Chef Jason Culbertson, a Le Cordon Bleu grad, will use beer in casual and fine dining menus at the museum. One example: beer cheese soup with red peppers.

Vintage beer ads will play on a museum TV screen. Exhibit items come from hundreds of private collections and do not replace Passage Thru Time, a longstanding local history museum with Osceola arrowheads and artifacts, plus beer memorabilia.

Expect to see rare, pre-Prohibition brewing equipment, long stored in a farm shed in Slinger. Unusual tales revolve around the Potosi Steamer, which until 1917 delivered pony kegs to Dubuque while quenching the thirst of 100 passengers. “Potosi’s rolling bar, for 30 years,” Frank says. “It was the bar that came to you.”

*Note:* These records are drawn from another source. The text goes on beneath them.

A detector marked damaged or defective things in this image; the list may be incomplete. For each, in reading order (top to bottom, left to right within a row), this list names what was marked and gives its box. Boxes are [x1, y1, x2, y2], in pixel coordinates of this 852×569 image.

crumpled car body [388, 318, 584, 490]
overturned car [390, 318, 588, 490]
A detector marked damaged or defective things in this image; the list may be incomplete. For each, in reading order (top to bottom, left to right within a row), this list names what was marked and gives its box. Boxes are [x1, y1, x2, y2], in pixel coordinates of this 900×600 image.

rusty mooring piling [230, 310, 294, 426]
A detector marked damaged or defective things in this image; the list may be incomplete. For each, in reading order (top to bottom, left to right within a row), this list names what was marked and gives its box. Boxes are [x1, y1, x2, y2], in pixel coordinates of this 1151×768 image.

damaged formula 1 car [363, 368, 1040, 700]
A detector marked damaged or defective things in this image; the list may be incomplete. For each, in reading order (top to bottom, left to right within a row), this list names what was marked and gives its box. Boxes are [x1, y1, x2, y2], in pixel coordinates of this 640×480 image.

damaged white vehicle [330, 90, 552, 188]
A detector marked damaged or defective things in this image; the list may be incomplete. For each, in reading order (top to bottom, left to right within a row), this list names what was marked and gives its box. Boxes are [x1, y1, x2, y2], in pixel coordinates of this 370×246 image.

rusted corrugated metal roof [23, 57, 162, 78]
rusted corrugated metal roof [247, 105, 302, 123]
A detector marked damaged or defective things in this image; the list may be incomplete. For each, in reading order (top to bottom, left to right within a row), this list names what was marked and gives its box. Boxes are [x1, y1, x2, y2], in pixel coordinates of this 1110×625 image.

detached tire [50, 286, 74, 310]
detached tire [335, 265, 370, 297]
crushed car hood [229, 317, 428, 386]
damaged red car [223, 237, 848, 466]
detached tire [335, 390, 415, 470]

Then there was the elongated 1929 Pontiac – big enough for six bartenders at work out of at once and a popular rental unit for weddings. “It had no liquor license,” Frank says, “so you couldn’t sell beer from it, but you could give it away.”

The vehicle – found in a Hazel Green field, 25 miles southeast – will be restored for the museum.

“We have so many artifacts,” Frank says, “so we can change exhibits easily during the year.” Many items come from the breweriana group’s 3,200 members.

The National Brewery Museum opens June 19, and the grand opening celebration is July 5. Brewery Fest 2008, on June 14, raises funds for the museum. About $4.8 million of the $6 million already has been secured.

For more: www.potosibrewery.com, 608-763-4002. The museum is at 209 S. Main St., Potosi. Restoration of the square block of buildings began in 1995.

For more about highlights along the Great River Road: www.experiencemississippiriver.com, www.wigreatriverroad.org, 800-658-9480. Most of the route’s 250 miles in Wisconsin are along Highway 35; an exception is Highway 133, which cuts through Potosi.

For more about the American Breweriana Association: www.americanbreweriana.org.

Ripley’s Believe It or Not noticed Potosi in the 1940s and decided it had the longest Main Street without an intersection. The community is sandwiched between two bluffs.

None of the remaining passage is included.